Sixteen years after the annulment of 1993 presidential election, the Coalition of Oodua Self-Determination Groups (COSEG), yesterday demanded the release of the remaining results of the election, just as it demanded an edifice to be built in honour of the late democrat.

Speaking on the June 12 election results that are yet to be released by the then National Electoral Commission (NEC), which it was believed is still in the possession of the Federal Government, COSEG helmsman said it should be released and Abiola declared winner post-humously.

According to Olunloyo,  ”How would they have allowed him to come around and be their President? Somebody who was more or less a ‘super SSS,’ who knew every secret in the military and of the military men.

“They knew that if somebody like him became their President, they would have been in the soup because of their secrets,” he stated.

To Akeredolu, “The future is bleak, except people don’t want to be frank. The future appears bleak. But, it looks to me that the need is there for us to make an omelette.  And, if we are desirous of making an omelette, then we must be prepared to break eggs. In essence, therefore, we cannot make omelette without breaking eggs.”

He said it was regrettable that since June 12, 1993, up til now, we are yet to have what we can call a credible election in Nigeria, adding that this implied that ”we have learnt nothing.”

In his view,  “if we are not going to have this electoral fraud in perpetuity, then the need is there for people in a couple of states to put their feet down to say ‘our votes must count.’

“Until we are able to do that, then democracy has no stand in Nigeria. That means it has not taken any footing because the essence of democracy is for you to have the ability to vote, and that your vote would count. That is the point. That is democracy. Democracy is for you to make a choice of who represents you. But if you now have selection and imposition, then that is no democracy.”

June 12 to Akeredolu was “Executive impunity and Arbitrariness” where people just felt that whatever happens, they could do whatever they wanted to do and nothing would happen.

Olunloyo, speaking on the topic, ‘Lamidi Adedibu: The Political Titan and The Man’ said ‘Adedibu to some was a hero, a villain to others and an ordinary man like every mortal. He was not a saint nor a sinner. He was not controversial because there is no human being without a fault. He was loved by his admirers and was an incurable optimist who did not believe in failure.

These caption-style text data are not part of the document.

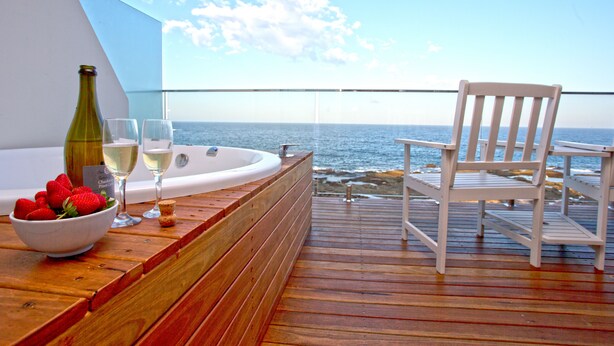 A wooden deck with a white chair and a bottle of wine, a bowl of strawberries, and two glasses of white wine. - Ocean Front at The Entrance (The Entrance)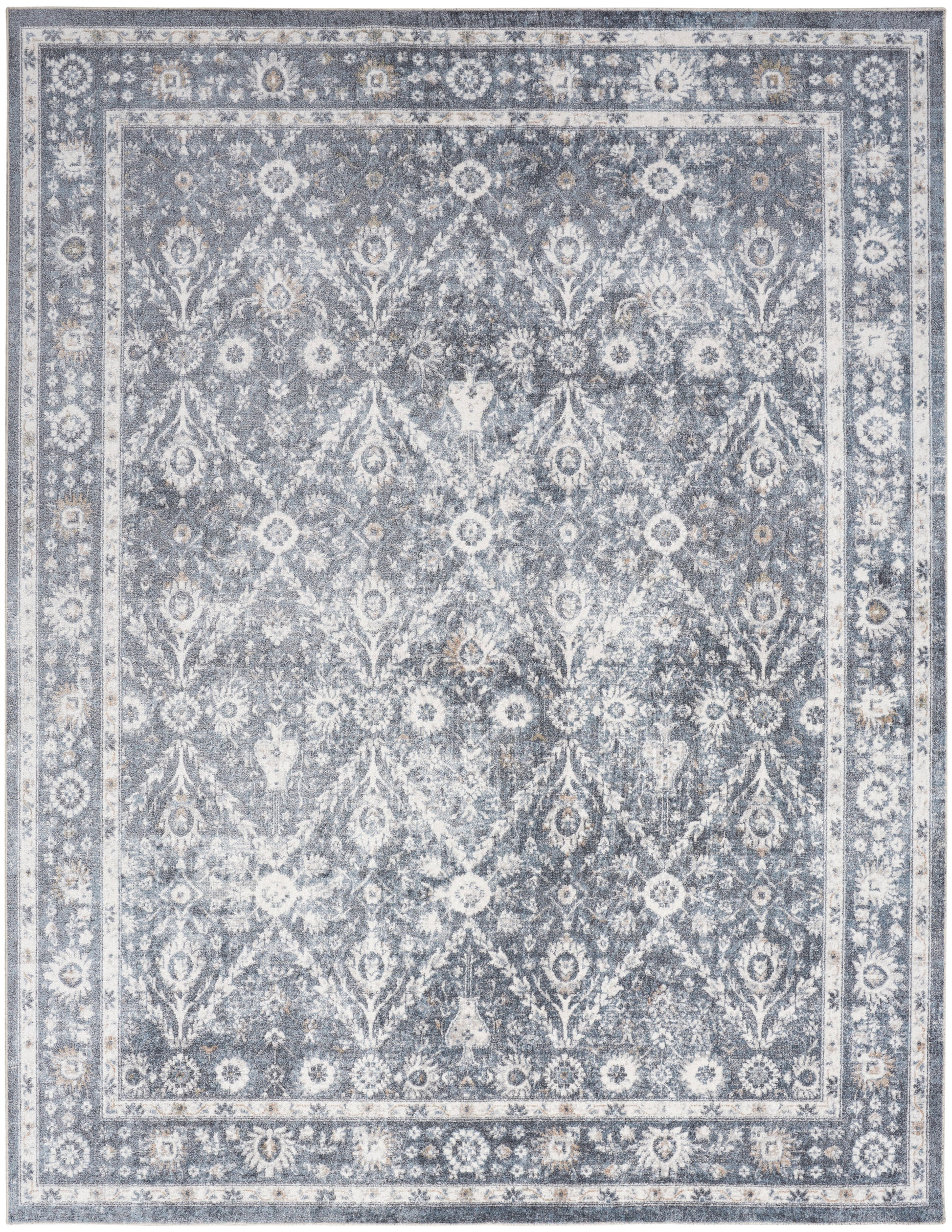 Rectangular blue-gray vintage-style oriental rug with distressed floral lattice and bordered edges; ideal living room decor.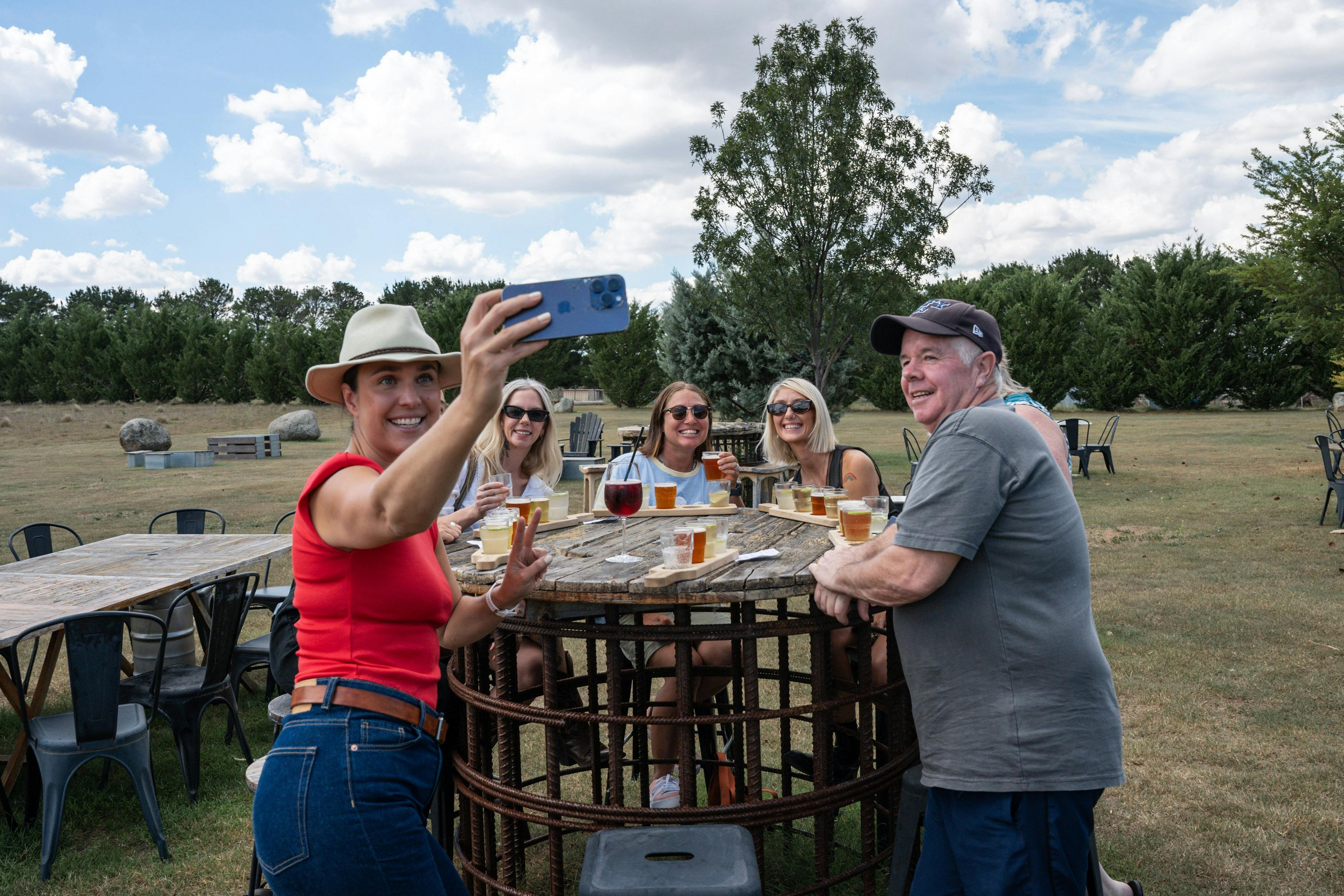 A group of tour guests with craft beer tasting paddles from Dalegty Brewery taking a selfie photo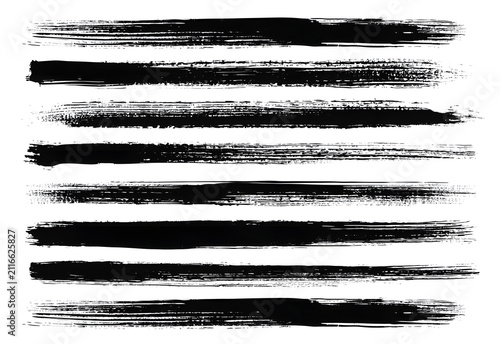 A white background with black grunge brush stroke lines, isolated and ready for use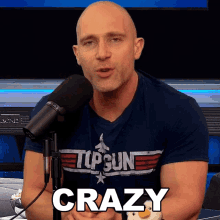 a bald man wearing a top gun shirt says crazy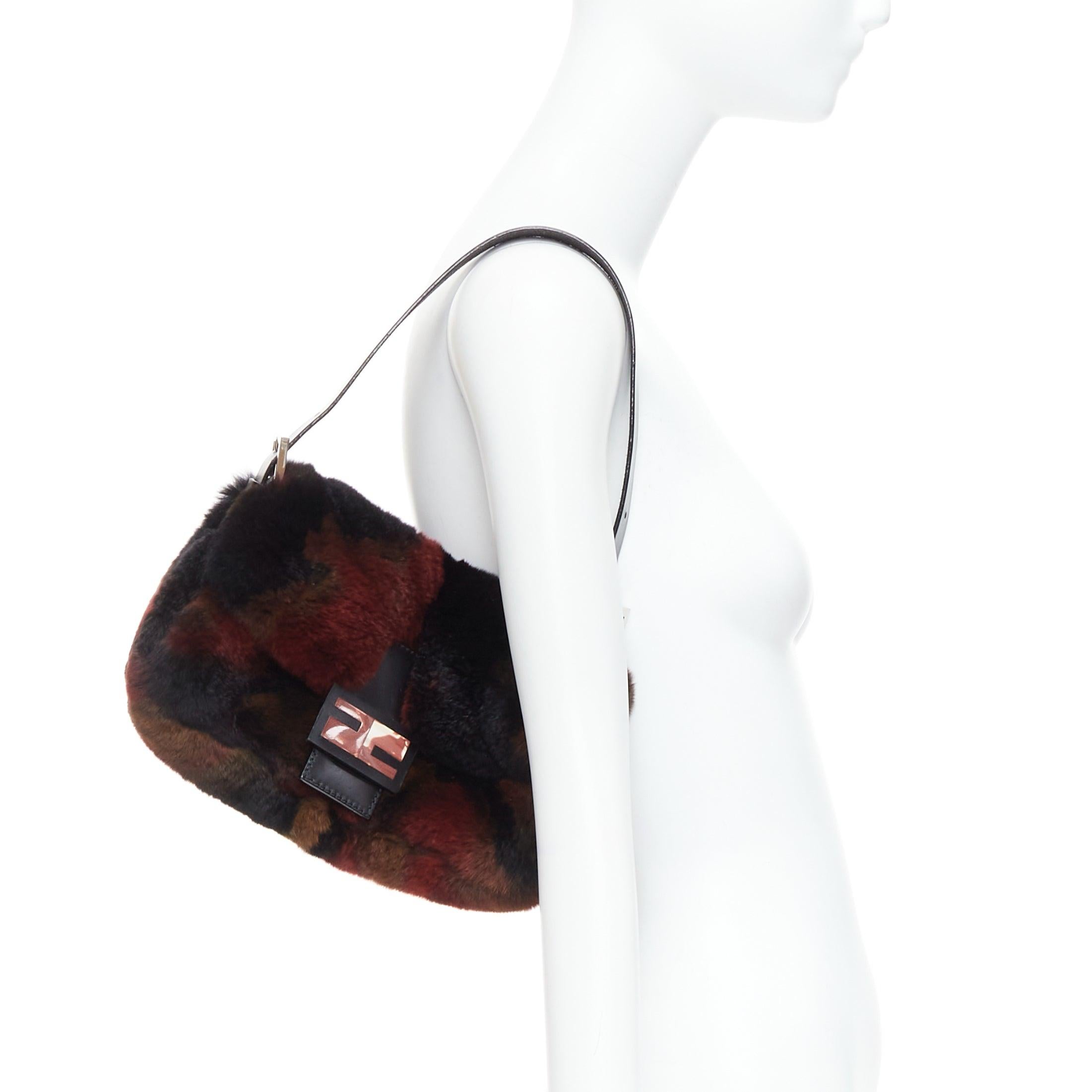 FENDI Vintage Baguette red tie dye rabbit fur FF logo underarm bag
Reference: TGAS/E00209
Brand: Fendi
Model: Baguette
Material: Fur, Leather
Color: Red, Black
Pattern: Animal Print
Closure: Magnet
Lining: Blue Leather
Extra Details: Blue leather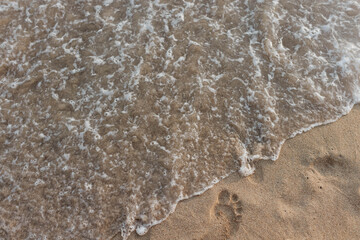 Foamy ocean water washes away footprints on sandy beach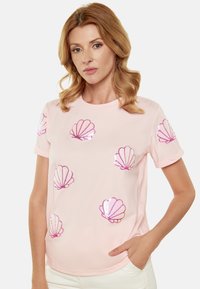 Lyserød bomulds-t-shirt med pailletbesatte muslingedesigns i forskellige størrelser på forsiden. Korte ærmer og rund halsudskæring. Glat tekstur.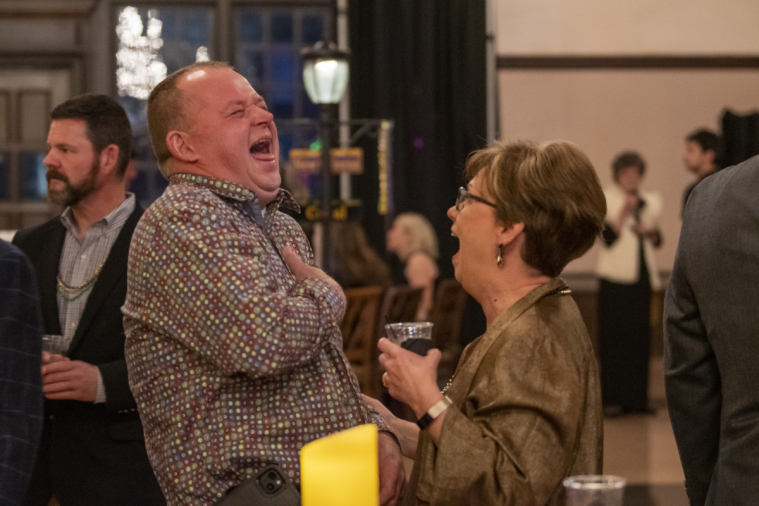 Two attendees share a joke and laugh uproariously.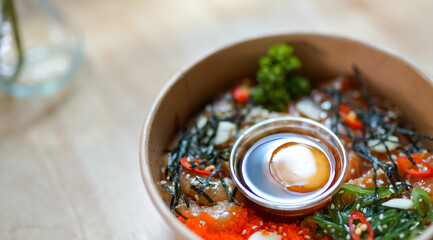 A delicious and nutritious salmon sushi bowl with fresh ingredients, served as a healthy alternative to traditional rice. 
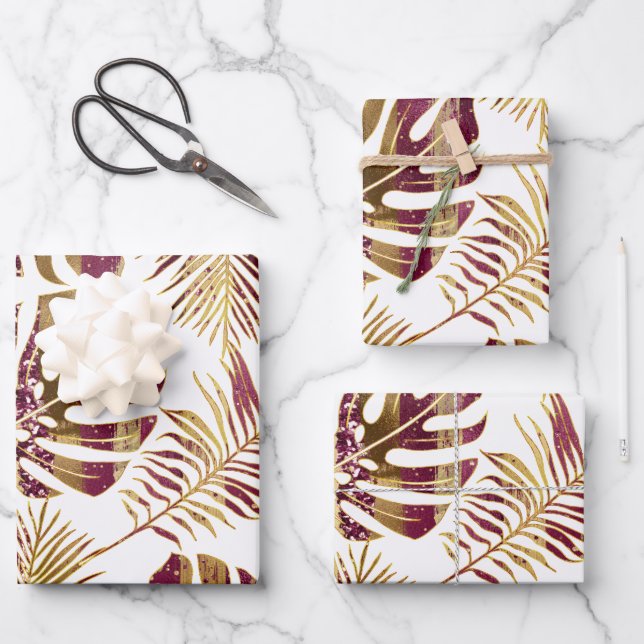 Patterned tropical leaves burgundy and gold wrapping paper sheet (Front)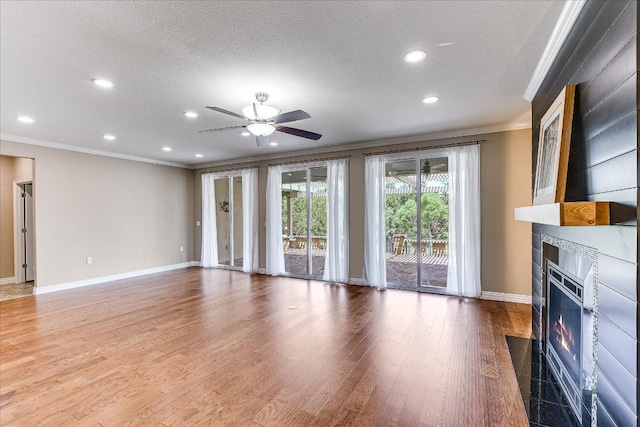 214 Yellow Rose Trl SE, Georgetown, TX 78633 - unfurnished living room with crown molding, a fireplace, baseboards, ceiling fan, and wood finished floors
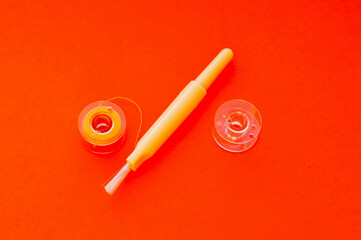 Industrial background. Sewing machine cleaning brush and thread spool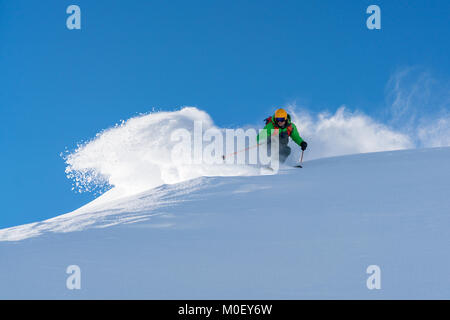 Man skiing in fresh powder snow, Alps, Kitzsteinhorn, Salzburg, Austria Stock Photo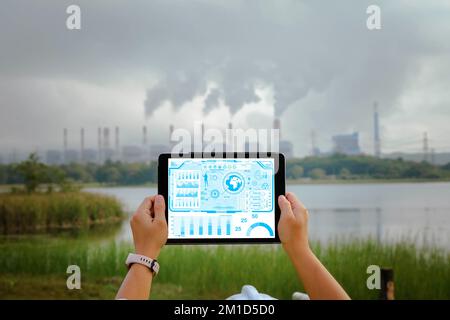 Engineers, architects or businessmen using tablets with the icon network are analyzing the operation of the coal power plant. Industry technology Stock Photo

Similarly, in a statement yesterday, United Action for Democracy (UAD), said as Nigerians  mark another June 12 anniversary , today, it brings to mind that the culture of impunity and executive lawlessness, t, electoral malpractices, economic and social deprivation and increasing waves of insecurity which the election of June 12 were to wish away were the mandate expressed by 14 million Nigerians on 12 June, 1993 presidential elections to be respected, are not yet over in the country.

UAD in statement by its Convener, Comrade Abiodun Aremu posited that “June 12 symbolism brings fresh memories of the conspiracy by the local ruling cabal and the American agents in the July 7, 1998 state-murder of Bashorun MKO Abiola who won the June 12, 1993 presidential election.

Equally is the unresolved question of justice in the judicial killing of Ken Saro-Wiwa and the other 8 Ogonis; the assassination of Pa Alfred Rewane, Kudirat Abiola and several other patriots that were either hounded, arbitrarily detained, and murdered.”